I thank my lucky stars that I have a window open, and then I go cause a panic in the neighborhood, because I'm a very very large yellow-and-black buzzy thing and people tend to get *quite* scared of those. (And if it's my avatar as I think of it rather than my avatar as it is in real life, things get interesting, because in my head my avatar is "actual size". Meaning probably 8 to 12 inches rather than just two, which is certified nightmare fuel.)
I feel the need to add that you also gained a photographic memory in addition to being able to call in your buddy wasps after a sting too.
 
There's probably some good to be done there too, if you're interested - pre-WW2 steel is free of certain radioactive contaminants, and thus useful for certain medical machines.
Allegedly the radioactive contaminants can be filtered out these days. But that steel used to be rather valuable indeed.
 
I'd go to medical school and use modern science to help me perform partial human transmutation, like transmuting my dick into a dragon dick. Maybe get two dicks for a one-man double penetration.

No resurrection bs, that's just dumb.

Oh and also become the world's best doctor and cure cancer or whatever...
 
Would they be eaten first or last?
Depends on their karma. The more evil they are, the more likely they'll be used as seasoning for saints.

Those fuckers are inedible from how bland they are!

You got my vote.

But only after you get the year right.
I'll send dreams to any cultist at hand, but judging by how poorly they fared with the advent of technology?

I wouldn't hold my breath.

On the plus side, with me every year will be early 2020--thus, less awful than the ones we lived through! ;)
 
The first thing I'll do if this were to happen is to start a cult--er, I mean ... a political party.

Yup.

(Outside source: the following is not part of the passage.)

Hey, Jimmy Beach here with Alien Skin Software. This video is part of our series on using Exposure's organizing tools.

A political party ... and nothing else.
Is the political party a group which advocate certain political leanings or is it a party with politics like how your aunt got drunk and spouted leftist and rightist propaganda in the same sentence?

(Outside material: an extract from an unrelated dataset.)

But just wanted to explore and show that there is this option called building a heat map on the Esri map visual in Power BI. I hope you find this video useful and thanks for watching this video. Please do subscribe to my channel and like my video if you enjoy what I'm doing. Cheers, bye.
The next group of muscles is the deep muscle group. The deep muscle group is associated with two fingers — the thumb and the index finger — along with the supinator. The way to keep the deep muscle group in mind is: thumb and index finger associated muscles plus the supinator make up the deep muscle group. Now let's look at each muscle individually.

Because one of them sounds funner than the other.
 
Is the political party a group which advocate certain political leanings or is it a party with politics like how your aunt got drunk and spouted leftist and rightist propaganda in the same sentence?

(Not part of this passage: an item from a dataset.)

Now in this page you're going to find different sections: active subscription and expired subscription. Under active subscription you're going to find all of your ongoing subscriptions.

Because one of them sounds funner than the other.
What I advocate is revelry of every kind, human sacrifice--to me, of course--and simplifying the tax system to fuck over the uber-wealthy.

I like misery like every eldritch horror that seeks unlubed assholes, but what's been done has made the souls of the laborers lose their zest and shine! There can be too much of a good thing, so c'mon!

But now I'm considering adding alcohol and meth to the nonalcoholic punch just to see one of the politically-learned cultists get drunk out of his gourd and spout nonsense.

Or get his ass kicked by the nearest boat.

Again.
Get smashed on the souls of hashish-smoking Arabian cultists once and everyone and their granny claim that I can get shipwrecked! I was taking splinters out of my beak for months!

...

I do admit I'm wary of getting airplane'd though.

Especially by a poorly maintained Airbus filled with those jerks from Innsmouth!

Damned fish-fucking dagonian mutants ... . *Angry grumbling*​
 
Cause a massive panic as an eight-foot-tall demonic chicken, before the government inevitably comes around to cover up my existence and force me into some blacksite or another.

If I'm lucky, I'll get to meet the aliens.
 
I don't think Donovan has any unique powers or skills so i'd probably just be a normal guy. But with a shortened lifespan propbably which sucks. Hopefully i still retain my own personality though

Mate, I am finding OP to piss and shit on his stuff.

Thats rude, why would you want to do that?